Laura llamó a uno que hallaron luego de muchas búsquedas, sin embargo fue en vano, ya que no le quisieron dar ninguna información... ¡de absolutamente nada! El oficial fue bastante grosero y le advirtió que no molestara más.
—Tendré que ir...
—¡Pero es muy lejos! —replicó su amiga, mientras le enumeraba la cantidad de obstáculos que tenía.
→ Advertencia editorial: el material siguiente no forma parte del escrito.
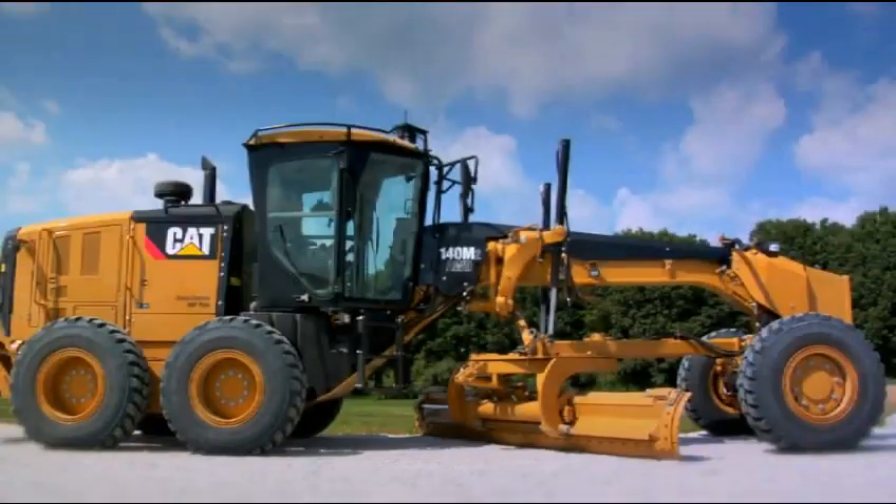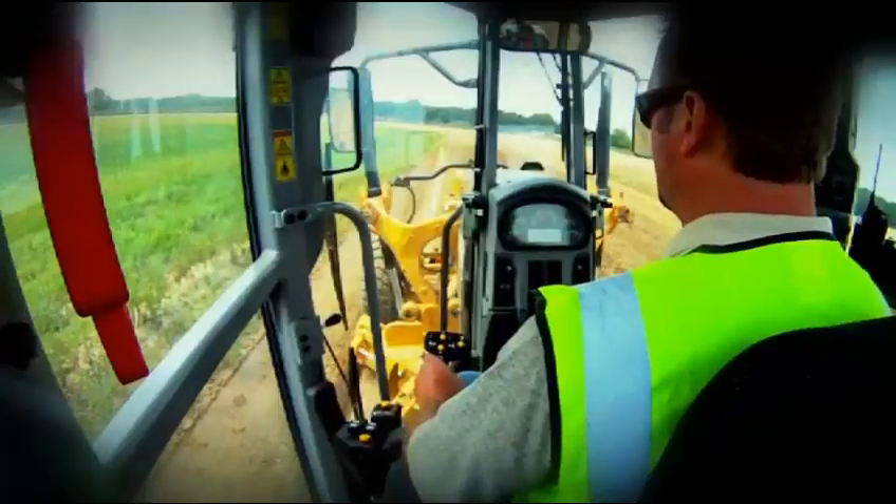Because the controls — you ain't got all them levers up there you're messing around with. It's all in two little joysticks. I would tell other operators not to knock it until you try it, to really give it a chance, because I think it's a better machine overall. And it looks cool, it's got lots of power, and it's fun to operate.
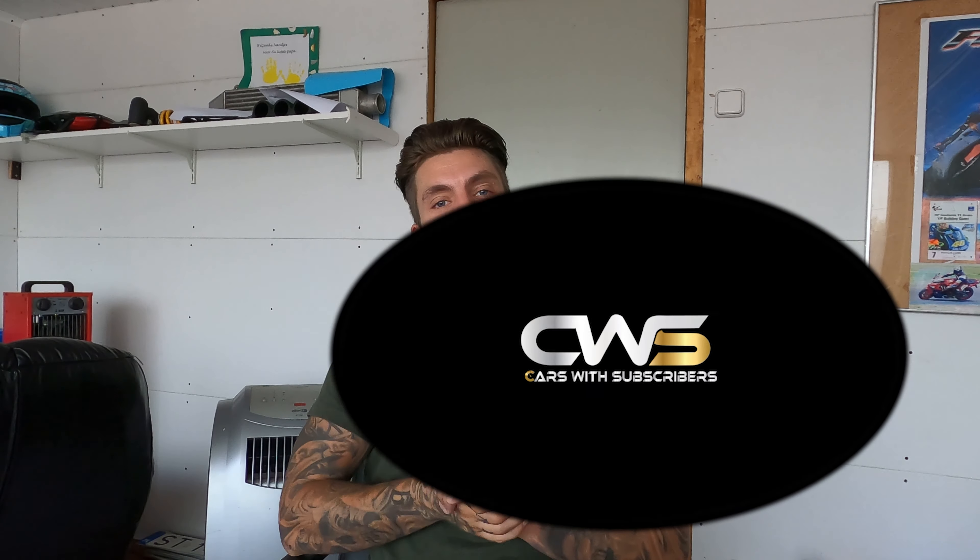Welcome back to a Cars and Subscribers video. In today's video I'll do a little bit of an update on the Golf R project. I had to go back to work, my vacation was over, so I didn't have much time to work on the car or make a video.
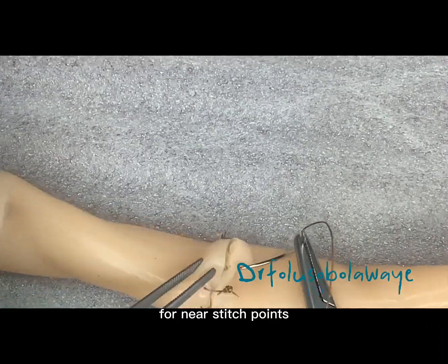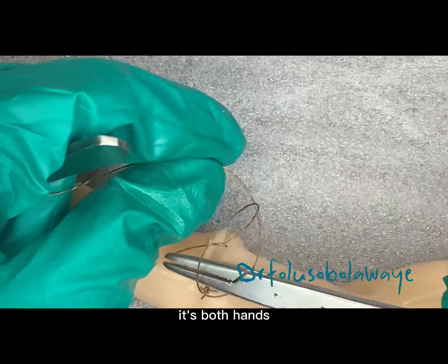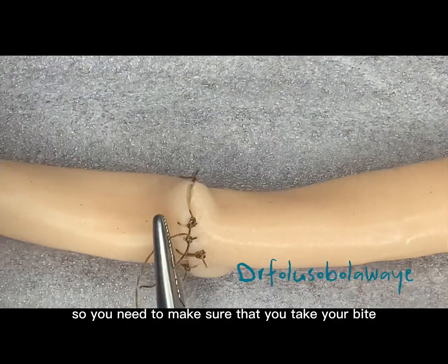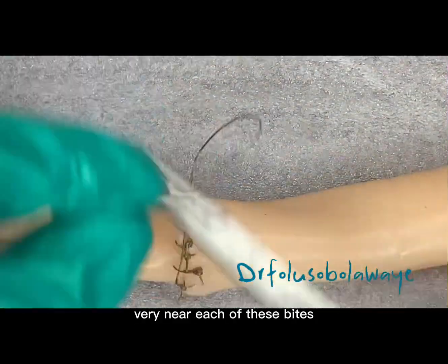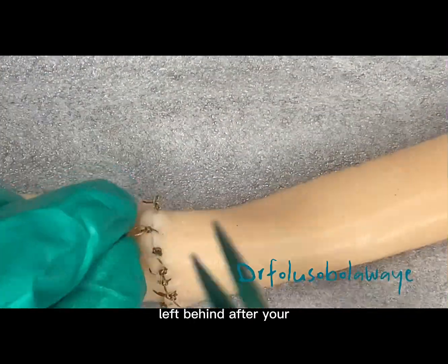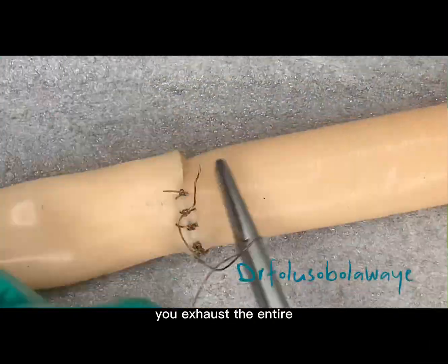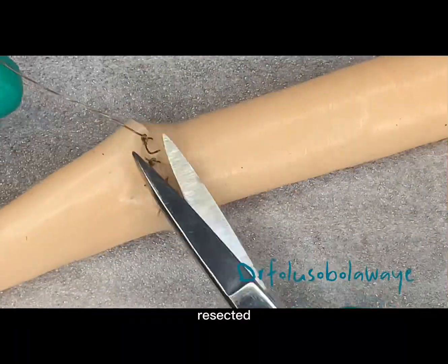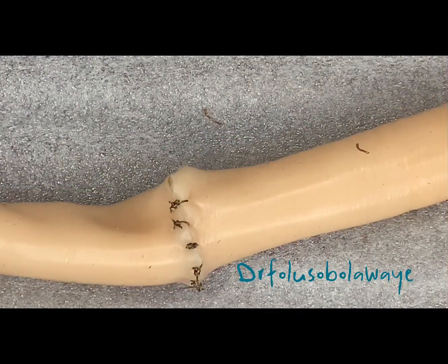This suture pattern needs sufficient mucosa thickness at the stitch points. It is done at a short distance between each stitch, so you need to make sure that you take your bites very near to each other so that you wouldn't have any leakage left behind after your suture.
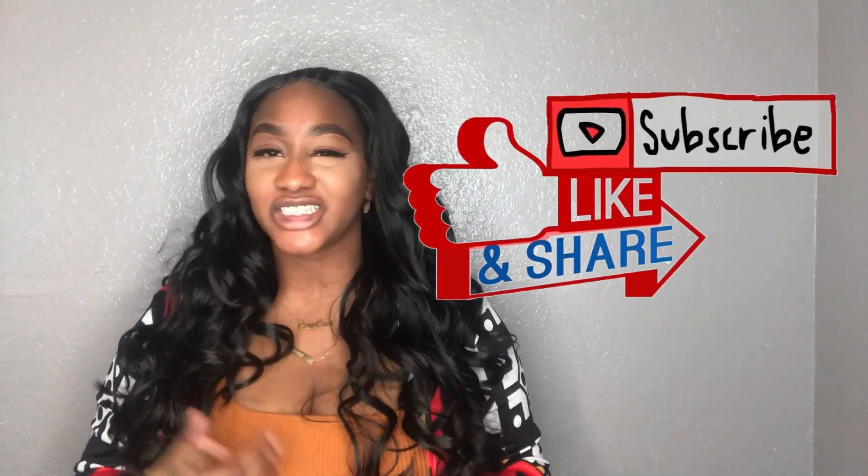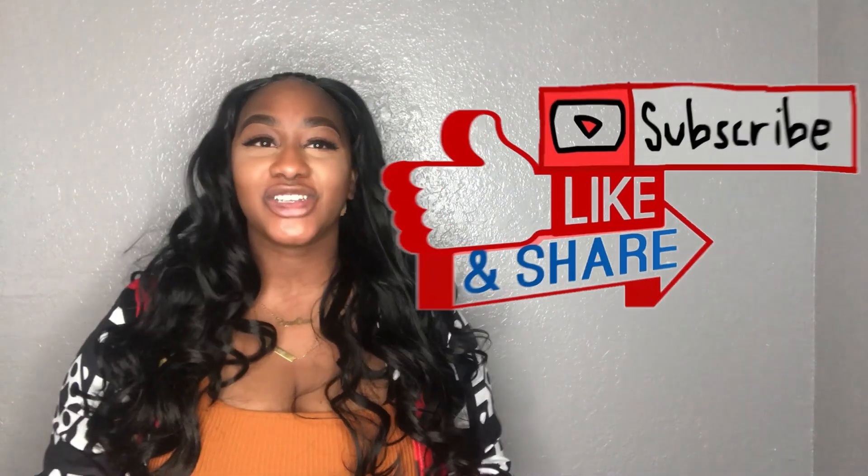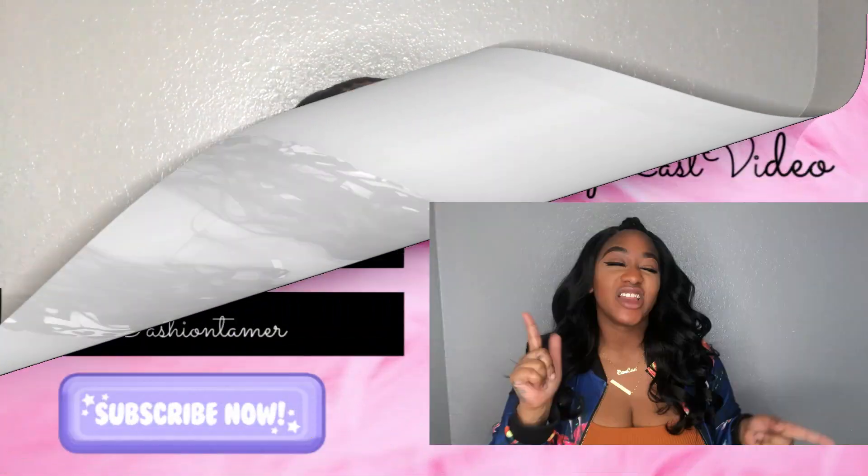I purchased mine at Hey Beauty — I believe they still have a few left, but just in case they don't, I'll leave links below so you guys are able to cop this unit and others like her. If this video was informative to you guys, make sure you like, share, and subscribe to this channel, and hit that bell to be notified when I, Fashion Tamer the Tame One, drop another video. Until we meet again!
—No puedo seguir perdiendo el tiempo, Sabri. Tengo miedo. Hay algo en lo que no puedo dejar de pensar... La bruja le dijo a mi tía que tenía siete días para escapar... Yo... Han pasado cinco días desde que leí ese diario. ¡Cinco!
La joven la miró, horrorizada, lo había olvidado por completo. Entendió la urgencia y se levantó de golpe de la silla.
—Entonces vamos... ¡Muévete, Lau! Llamaré para conseguir los boletos —dijo y tomó el teléfono.
—Pero tienes clases...
—No te dejaré ir sola. ¿Y si aparece la vieja? No quiero leer en un diario lejano la desaparición de mi amiga —la interrumpió. Laura sonrió, agradecida.